The British Veterinary Nursing Association (BVNA) and Royal College of Veterinary Surgeons (RCVS) held a joint parliamentary drop-in session last week (Wednesday 13th December), to discuss the need for statutory protection of the ‘veterinary nurse’ title within proposals for wider reform of the Veterinary Surgeons Act 1966.

The session was sponsored by Dr Neil Hudson FRCVS, MP for Penrith and the Border, and attended by BVNA President Lyndsay Hughes RVN, BVNA Junior Vice President Craig Tessyman RVN, RCVS President Dr Sue Paterson FRCVS, and Chair of RCVS VN Council Belinda Andrews-Jones RVN.

Held at Portcullis House, Westminster, the session provided the opportunity for BVNA and RCVS to engage with Members of Parliament (MPs) and peers to discuss the need for legislative change. The event was held specifically to champion veterinary nurses within proposed future legislative reform, covering the impact of working under outdated legislation which currently allows unqualified and unregulated individuals to use the ‘veterinary nurse’ title. Progression of the VN role was also promoted, to better enable professional growth, job satisfaction, public recognition, and longevity within the profession.

BVNA and RCVS discussed the negative consequences of the current lack of protection for the ‘veterinary nurse’ title, including risk to animal health and welfare, alongside links to retention within the profession. The impact on public trust in the veterinary profession was also emphasised – underpinned by BVNA’s recent ‘Protect the Title’ survey, which found that 76% of public respondents did not know the ‘veterinary nurse’ title can currently be used by unqualified persons, yet 92% felt it was ‘very important’ that their pet was cared for by a qualified and regulated RVN.

BVNA President Lyndsay Hughes (pictured with Craig Tessyman and Patricia Gibson, MP for North Ayrshire and Arran) said: “BVNA were delighted to host this engagement session in Parliament alongside the RCVS – especially so because the veterinary nursing profession was its clear focus. Having the opportunity to hold a specific event for our profession to engage directly with parliamentarians represents a significant shift towards greater recognition of veterinary nurses, and their impact on both animal and human health. Our voices are being heard.

“We were able to highlight the vital role of veterinary nurses within the veterinary sector as a whole, currently being limited by outdated legislation. Within our discussions promoting legislative reform of the Veterinary Surgeons Act, we also drew politicians’ attention to the urgent need to protect the ‘veterinary nurse’ title.

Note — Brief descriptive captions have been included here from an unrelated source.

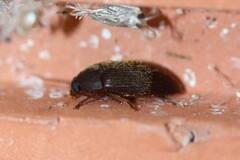 Hymenorus
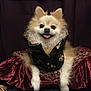 Achilles is registered to the contest to win money with this photo: animal, costume, cushion, cute, decorative, dog, fabric, fluffy, furry, indoors, luxury, pet, pomeranian, portrait, resting, royal, ruffled_collar, smiling, velvet, vest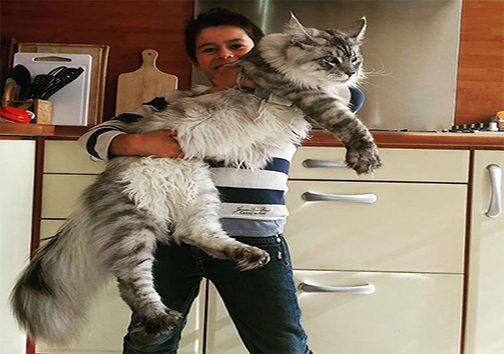 گربه‌ی مین کُن، بزرگ‌ترین نژاد گربه‌های خانگی + تصاویر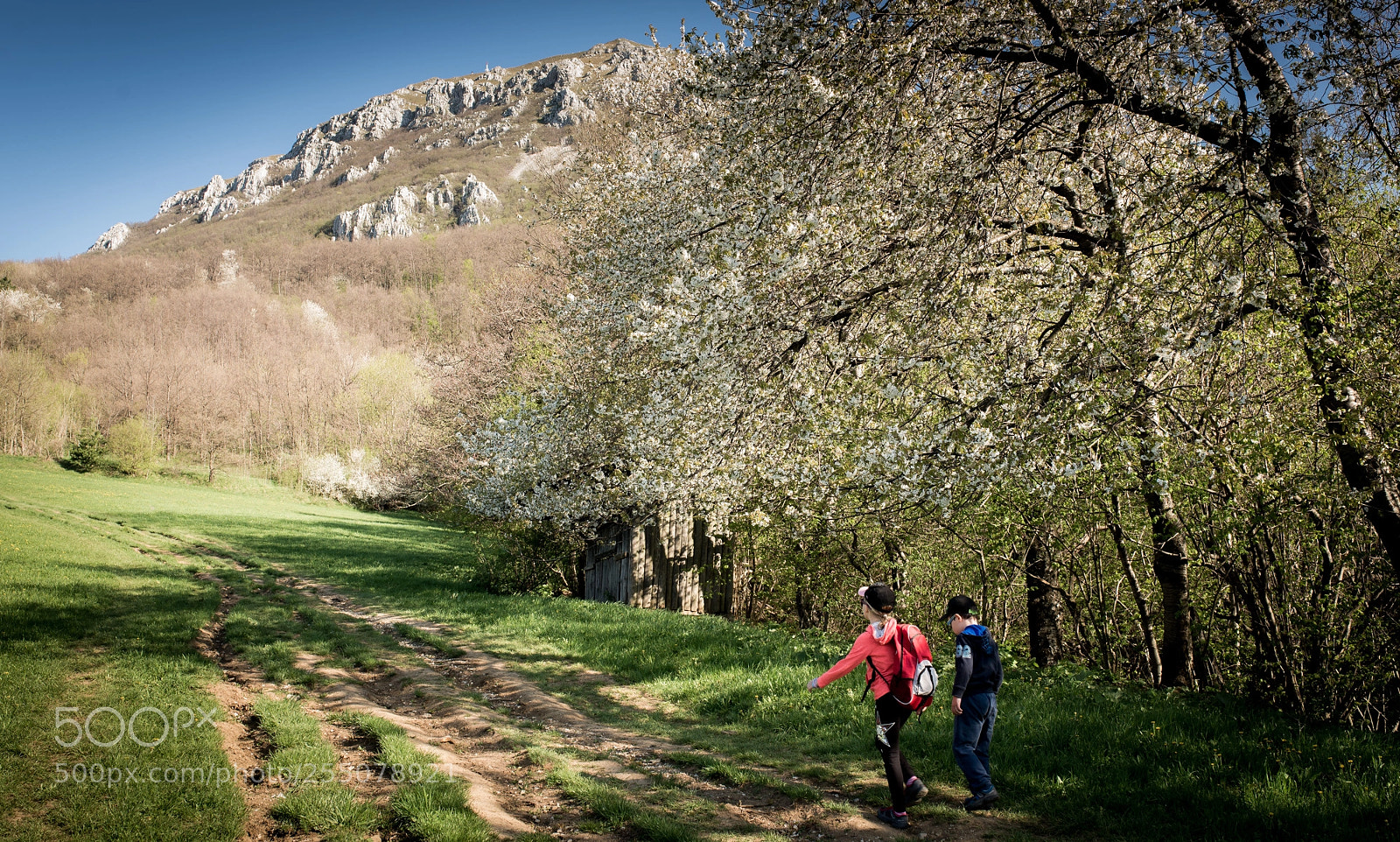 Nikon D600 sample photo. Springtime hike photography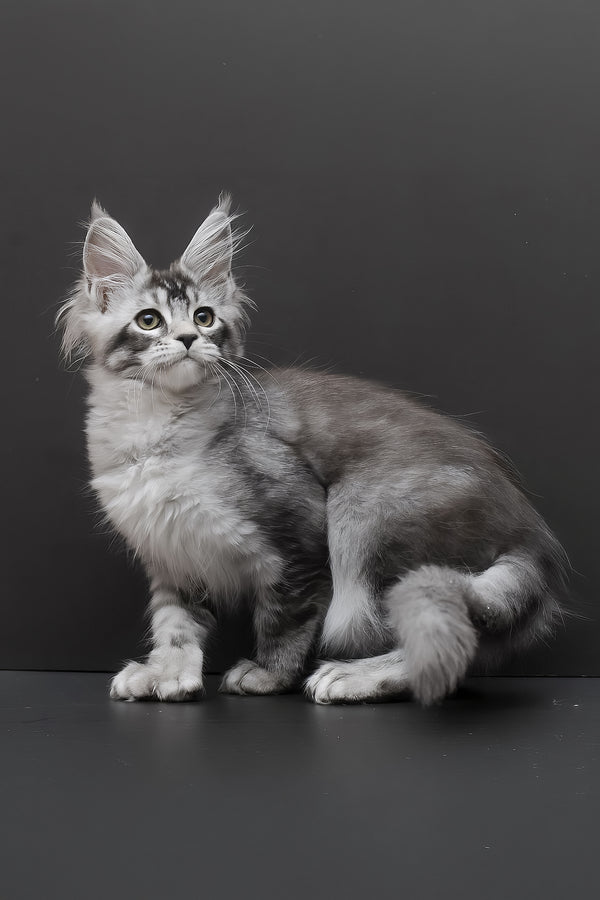 Kalila | Polydactyl Maine Coon Kitten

We’re looking forward to progressing this campaign with their support – and thank all those who kindly took the time to meet with us.

“Throughout 2023, BVNA have engaged positively with Defra, plus our partners within the veterinary profession such as the RCVS, to ensure statutory protection of our title remains on the political agenda. We’ll be continuing to spearhead ‘Protect the Title’ in 2024, and will be calling on the veterinary profession once again to be a driving force in our campaign.”

Dr Neil Hudson, MP for Penrith and The Border, said: “Veterinary nurses play a vital role in promoting animal health and welfare. Therefore it is imperative we take concrete steps to protect their title and uphold the standards of the profession.

“Thank you to the BVNA and the RCVS for helping bring this issue to the attention to my parliamentary colleagues from all sides of the political spectrum.”